More than $1 billion worth of marijuana has been uprooted from federal lands during a two-month operation targeting illegal pot farms, federal authorities announced Tuesday.
Operation Mountain Sweep has resulted in the destruction of 578,000 marijuana plants, Benjamin B. Wagner, U.S. attorney for the Eastern District of California, said in a press release.
The operation, involving agents from the Drug Enforcement Administration, Department of Homeland Security, U.S. Forest Service, National Park Service, Bureau of Land Management and the U.S. Fish and Wildlife Service as well as local agencies, targeted growing sites on public lands in seven Western states -- Arizona, California, Idaho, Nevada, Oregon, Utah and Washington.
Wagner said 14 individuals in California have been indicted on charges resulting from Operation Mountain Sweep. Authorities have shut down 96 pot farms on public lands in California since the operation began July 1, the federal authorities said. Among those pot farms were sites in national forests and parks, including Death Valley National Park.
Besides producing an illegal crop, the pot farms can do long-term damage to public lands by destroying trees and vegetation, introducing chemicals and pesticides, diverting water sources, and generating large amounts of trash.

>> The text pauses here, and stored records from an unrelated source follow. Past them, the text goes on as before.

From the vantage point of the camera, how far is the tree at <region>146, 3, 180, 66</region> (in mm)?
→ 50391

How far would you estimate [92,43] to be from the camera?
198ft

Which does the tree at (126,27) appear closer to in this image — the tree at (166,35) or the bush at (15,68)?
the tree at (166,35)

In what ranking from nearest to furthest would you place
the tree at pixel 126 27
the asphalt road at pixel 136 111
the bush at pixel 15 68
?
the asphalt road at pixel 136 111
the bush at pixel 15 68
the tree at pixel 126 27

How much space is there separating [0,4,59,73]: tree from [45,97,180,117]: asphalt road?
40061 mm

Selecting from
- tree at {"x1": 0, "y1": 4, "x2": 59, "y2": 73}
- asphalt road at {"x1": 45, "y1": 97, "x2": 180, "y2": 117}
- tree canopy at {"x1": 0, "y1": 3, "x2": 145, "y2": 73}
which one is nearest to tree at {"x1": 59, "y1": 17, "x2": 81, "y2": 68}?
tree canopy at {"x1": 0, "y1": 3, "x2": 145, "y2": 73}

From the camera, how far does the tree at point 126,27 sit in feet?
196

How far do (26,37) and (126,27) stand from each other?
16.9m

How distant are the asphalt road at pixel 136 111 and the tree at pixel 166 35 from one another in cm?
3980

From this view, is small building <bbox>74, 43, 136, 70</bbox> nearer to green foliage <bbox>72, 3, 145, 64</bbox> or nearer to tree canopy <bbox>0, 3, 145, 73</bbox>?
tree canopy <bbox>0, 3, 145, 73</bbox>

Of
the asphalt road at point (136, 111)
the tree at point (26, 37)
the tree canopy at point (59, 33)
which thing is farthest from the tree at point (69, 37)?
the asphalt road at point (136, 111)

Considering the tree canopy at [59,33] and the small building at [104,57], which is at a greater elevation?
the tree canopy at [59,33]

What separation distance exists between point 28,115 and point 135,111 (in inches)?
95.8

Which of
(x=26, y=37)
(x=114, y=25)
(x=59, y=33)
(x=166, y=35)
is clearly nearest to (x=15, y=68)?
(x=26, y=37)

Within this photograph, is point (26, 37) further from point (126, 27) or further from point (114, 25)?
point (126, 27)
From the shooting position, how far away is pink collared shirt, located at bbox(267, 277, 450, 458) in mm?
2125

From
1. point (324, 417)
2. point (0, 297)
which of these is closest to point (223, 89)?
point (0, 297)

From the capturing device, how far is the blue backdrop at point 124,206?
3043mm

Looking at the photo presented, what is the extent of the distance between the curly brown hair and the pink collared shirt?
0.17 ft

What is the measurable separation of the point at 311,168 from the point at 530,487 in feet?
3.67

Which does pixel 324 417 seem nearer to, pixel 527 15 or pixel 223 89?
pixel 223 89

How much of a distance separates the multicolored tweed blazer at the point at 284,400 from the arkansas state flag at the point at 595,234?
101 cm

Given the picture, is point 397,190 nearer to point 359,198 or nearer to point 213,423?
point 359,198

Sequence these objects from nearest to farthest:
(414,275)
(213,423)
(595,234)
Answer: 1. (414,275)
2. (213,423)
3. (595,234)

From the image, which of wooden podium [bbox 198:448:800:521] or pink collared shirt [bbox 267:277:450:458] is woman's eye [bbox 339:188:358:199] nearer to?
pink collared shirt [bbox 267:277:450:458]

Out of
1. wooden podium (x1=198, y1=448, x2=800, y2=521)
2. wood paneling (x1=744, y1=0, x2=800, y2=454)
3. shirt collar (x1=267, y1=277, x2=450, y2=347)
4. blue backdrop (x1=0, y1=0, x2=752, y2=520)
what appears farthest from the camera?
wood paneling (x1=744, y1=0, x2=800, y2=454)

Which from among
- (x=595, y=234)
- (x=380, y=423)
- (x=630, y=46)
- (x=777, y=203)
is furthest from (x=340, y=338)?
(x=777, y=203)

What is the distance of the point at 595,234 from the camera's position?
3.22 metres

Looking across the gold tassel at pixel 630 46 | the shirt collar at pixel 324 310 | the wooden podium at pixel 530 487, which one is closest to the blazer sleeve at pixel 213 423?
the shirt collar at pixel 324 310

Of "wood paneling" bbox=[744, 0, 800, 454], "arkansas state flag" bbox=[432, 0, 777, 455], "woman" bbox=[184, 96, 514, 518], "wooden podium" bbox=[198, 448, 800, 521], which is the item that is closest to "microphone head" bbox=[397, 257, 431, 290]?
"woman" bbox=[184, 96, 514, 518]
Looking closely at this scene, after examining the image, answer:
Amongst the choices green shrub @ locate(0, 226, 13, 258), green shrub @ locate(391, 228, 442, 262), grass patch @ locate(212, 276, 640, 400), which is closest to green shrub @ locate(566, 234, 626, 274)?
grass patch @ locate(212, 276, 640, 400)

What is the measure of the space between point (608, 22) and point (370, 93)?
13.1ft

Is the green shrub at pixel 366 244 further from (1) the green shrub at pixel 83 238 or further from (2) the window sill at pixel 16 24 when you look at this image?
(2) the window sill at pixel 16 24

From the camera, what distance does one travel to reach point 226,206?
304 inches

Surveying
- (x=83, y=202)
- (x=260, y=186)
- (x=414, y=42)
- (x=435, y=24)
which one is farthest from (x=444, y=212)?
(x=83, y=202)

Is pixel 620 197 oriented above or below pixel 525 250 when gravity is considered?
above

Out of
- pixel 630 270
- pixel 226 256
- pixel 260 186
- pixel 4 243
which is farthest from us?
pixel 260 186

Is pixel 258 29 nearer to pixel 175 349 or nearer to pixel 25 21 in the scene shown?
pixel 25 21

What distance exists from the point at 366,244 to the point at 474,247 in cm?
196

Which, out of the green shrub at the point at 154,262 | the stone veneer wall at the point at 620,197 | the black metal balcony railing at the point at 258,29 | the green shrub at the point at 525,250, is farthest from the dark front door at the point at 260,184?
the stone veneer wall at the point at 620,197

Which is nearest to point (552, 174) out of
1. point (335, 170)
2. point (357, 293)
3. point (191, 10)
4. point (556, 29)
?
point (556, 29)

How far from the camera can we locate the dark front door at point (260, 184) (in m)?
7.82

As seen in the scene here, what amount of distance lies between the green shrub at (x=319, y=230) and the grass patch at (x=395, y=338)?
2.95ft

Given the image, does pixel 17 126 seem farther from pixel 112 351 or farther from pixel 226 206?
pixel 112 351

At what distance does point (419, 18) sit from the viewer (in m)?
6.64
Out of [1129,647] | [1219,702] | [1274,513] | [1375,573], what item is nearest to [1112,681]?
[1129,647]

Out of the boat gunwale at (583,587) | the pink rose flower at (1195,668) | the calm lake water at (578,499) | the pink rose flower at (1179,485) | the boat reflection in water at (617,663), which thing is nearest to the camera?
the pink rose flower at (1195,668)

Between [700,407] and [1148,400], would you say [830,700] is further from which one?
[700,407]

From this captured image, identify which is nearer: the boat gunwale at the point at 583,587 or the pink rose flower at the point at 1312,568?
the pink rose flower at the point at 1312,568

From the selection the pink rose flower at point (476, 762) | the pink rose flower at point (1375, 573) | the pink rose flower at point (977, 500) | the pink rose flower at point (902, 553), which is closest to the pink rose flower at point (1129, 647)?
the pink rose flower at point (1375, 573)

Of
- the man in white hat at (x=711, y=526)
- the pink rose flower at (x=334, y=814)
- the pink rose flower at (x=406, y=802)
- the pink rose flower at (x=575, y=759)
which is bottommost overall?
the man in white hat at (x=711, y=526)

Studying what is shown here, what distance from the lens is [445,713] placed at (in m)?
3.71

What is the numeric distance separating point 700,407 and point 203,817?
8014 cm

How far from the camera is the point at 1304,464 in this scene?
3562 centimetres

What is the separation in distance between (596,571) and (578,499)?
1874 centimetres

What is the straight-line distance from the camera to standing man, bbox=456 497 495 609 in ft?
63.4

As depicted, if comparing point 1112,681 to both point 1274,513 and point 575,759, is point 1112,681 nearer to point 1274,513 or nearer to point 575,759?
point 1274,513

"Those who cultivate marijuana on public lands pose a safety threat to the public and an environmental threat to the land. Many of the grow sites are controlled by drug trafficking organizations, which arm their cultivators with dangerous firearms. The poisons they spread kill wildlife and native plants and pollute watersheds," Wagner said in the press release.
The operation will continue through the end of August, authorities said.